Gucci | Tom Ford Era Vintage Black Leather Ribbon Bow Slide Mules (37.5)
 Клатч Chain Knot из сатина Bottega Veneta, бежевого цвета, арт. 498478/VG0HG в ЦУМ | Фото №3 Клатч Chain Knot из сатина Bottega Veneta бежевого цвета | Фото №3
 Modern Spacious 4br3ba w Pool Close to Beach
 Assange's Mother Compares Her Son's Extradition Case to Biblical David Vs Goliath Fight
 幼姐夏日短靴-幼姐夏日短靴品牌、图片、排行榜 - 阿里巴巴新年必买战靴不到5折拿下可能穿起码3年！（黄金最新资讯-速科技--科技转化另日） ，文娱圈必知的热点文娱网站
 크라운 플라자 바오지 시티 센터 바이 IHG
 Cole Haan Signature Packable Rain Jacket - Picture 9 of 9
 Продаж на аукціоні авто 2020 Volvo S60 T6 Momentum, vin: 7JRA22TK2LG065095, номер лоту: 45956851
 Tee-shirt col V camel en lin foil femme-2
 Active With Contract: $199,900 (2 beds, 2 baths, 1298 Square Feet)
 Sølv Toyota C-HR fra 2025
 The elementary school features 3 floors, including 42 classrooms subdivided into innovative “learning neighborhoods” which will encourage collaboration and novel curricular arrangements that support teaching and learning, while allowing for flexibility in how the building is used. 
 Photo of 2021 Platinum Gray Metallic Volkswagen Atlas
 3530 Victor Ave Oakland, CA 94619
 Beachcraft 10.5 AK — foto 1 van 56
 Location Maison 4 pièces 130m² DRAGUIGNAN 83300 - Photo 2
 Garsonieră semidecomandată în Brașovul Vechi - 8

• • •

Lines holding the string "Photo" are the answer; copy each one from the listing above.

 Photo of 2021 Platinum Gray Metallic Volkswagen Atlas
 Location Maison 4 pièces 130m² DRAGUIGNAN 83300 - Photo 2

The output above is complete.